Feature

Weather Radar: Reducing the Delay

Published on July 7th, 2016

Did you know that Doppler Weather Radar images from the National Weather Service (NWS) are not live? Scanning the atmosphere takes time and typically results in a delay of four to six minutes between image updates. When it comes to thunderstorms, a lot can happen in four to six minutes. In this report, meteorologist Mark Thornton describes how an upgrade to the NWS radar network is designed to refresh imagery more frequently…

Introduction
Doppler Weather Radar is your best defense against a hair-raising and wind-blown encounter with thunderstorms. The 155 stations in the National Weather Service’s (NWS) network provide overlapping, ground-based coverage of the nation’s inland and coastal boating areas. With an effective range of approximately 120 nautical miles, data from the NWS radar network is not accessible if you are well offshore. (Regardless of how you obtain your radar imagery, you are viewing NWS data as theirs is the only national radar network.)

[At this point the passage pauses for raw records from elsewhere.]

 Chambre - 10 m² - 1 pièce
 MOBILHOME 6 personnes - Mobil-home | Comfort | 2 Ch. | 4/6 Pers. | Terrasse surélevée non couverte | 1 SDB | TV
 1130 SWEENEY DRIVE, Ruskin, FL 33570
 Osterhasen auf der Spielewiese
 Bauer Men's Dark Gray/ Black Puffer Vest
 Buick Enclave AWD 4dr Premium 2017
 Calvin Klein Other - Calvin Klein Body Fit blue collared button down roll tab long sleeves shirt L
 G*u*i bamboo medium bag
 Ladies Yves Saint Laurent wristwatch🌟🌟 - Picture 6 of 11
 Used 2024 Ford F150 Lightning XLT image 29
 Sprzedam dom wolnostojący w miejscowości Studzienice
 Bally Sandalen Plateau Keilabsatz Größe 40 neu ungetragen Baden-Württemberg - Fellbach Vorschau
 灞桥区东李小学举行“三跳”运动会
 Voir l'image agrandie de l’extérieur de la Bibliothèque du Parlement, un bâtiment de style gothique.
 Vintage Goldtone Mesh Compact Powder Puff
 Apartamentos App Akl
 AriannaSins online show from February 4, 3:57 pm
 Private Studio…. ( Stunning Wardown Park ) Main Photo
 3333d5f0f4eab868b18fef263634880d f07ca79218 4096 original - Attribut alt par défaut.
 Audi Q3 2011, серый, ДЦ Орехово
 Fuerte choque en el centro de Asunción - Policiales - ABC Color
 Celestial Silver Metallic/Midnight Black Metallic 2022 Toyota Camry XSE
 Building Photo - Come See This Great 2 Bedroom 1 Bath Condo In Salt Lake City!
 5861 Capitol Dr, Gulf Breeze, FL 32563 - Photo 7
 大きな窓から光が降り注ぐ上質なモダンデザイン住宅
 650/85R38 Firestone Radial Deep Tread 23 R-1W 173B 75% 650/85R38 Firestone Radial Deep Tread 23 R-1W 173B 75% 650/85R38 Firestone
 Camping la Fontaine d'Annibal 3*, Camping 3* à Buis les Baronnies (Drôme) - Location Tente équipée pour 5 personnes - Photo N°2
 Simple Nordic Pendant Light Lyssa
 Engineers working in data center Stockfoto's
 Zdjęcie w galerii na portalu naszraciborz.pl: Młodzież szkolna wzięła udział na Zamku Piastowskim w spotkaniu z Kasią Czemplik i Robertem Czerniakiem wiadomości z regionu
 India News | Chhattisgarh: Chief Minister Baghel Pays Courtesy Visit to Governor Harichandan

Figure 1: The NWS’s Volume Coverage Pattern (VCP) 12.

Scanning The Atmosphere
Strong thunderstorms may be several miles high, and so the radar station must collect data from the Earth’s surface up into the upper reaches of the atmosphere in order to completely analyze the storm. Stations use a variety of scanning strategies, called Volume Coverage Patterns (VCP) to accomplish this goal. The antenna makes an initial, or base, scan by making one complete revolution at an elevation of 0.5° above the Earth’s surface, alternating between emitting and collecting backscattered energy pulses. When this base scan is complete, the antenna completes additional scans, repeatedly increasing the elevation by about one degree, until the highest elevation of the VCP is reached. The highest elevation scanned by NWS radar is 19.5°.

Caution – Radar Images Are Not Live!
Executing the scans and collecting and processing the data for a VCP takes several minutes. For VCPs used during thunderstorm events, this can take from four to six minutes. As a result, radar images are not live, and may be anywhere from a few seconds to six minutes old. Fast-moving thunderstorms can travel six miles or more between updates, and therefore may be much closer than they appear on an outdated radar image. Comparing the image’s time stamp to the current time is critically important when thunderstorms are approaching.

In addition to covering a lot of ground, thunderstorms may significantly strengthen in the four to six minutes between image updates. For the forecasters at the NWS who are responsible for issuing severe weather warnings, the interval between updates is an extremely long time.

Figure 2: The NWS’s Volume Coverage Pattern (VCP) 12.

MESO-SAILS To The Rescue
MESO-SAILS (Multiple Elevation Scan Option-Supplemental Adaptive Intra-Volume Low-Level Scan) is currently being tested at several NWS radar stations. (Implementation of MESO-SAILS across the NWS radar network is expected by late 2016.) This software upgrade allows a NWS forecaster to modify the radar’s scanning strategy (VCP), and considerably shorten the time interval between base scans. This dramatic improvement is achieved by interrupting the normal progression of the VCP (increasing scan angles) and conducting an additional base scan. The traditional use of VCP 12 (Figure 2) takes approximately 253 seconds to complete and includes scans at 0.5, 0.9, 1.3, 1.8, 2.4, 3.1, 4.0, 5.1, 6.4, 8.0, 10.0, 12.5, 15.6, and 19.5 degrees.

Figure 3: VCP 12 with additional base scans.

A version of VCP 12 using one of the MESO-SAILS options (Figure 3) includes three additional base scans. The additional base scans are inserted between the 1.3° and 1.8° scans, the 4.0° and 5.1° scans, and the 8.0° and 10.0° scans. While these three additional scans increase the total time of completing the VCP by 93 seconds (to 336 seconds), additional base scans are available every 70 to 90 seconds. Dramatically reducing the time between radar updates will prove advantageous to NWS forecasters trying to issue storm warnings, and to recreational boaters facing an approaching squall line.

MESO-SAILS In Action
As I was writing this article, a squall line swept across my home waters of Lake Erie at nearly 40 knots. NWS Cleveland is a MESO-SAILS test site and used the upgrade to monitor the approach and evolution of the system. The SAILS label in the lower right corner of my radar application (Figure 4) let me know that MESO-SAILS was in use and that I would benefit from more timely radar data. Getting a fresh look at the system every 90 seconds was a big advantage.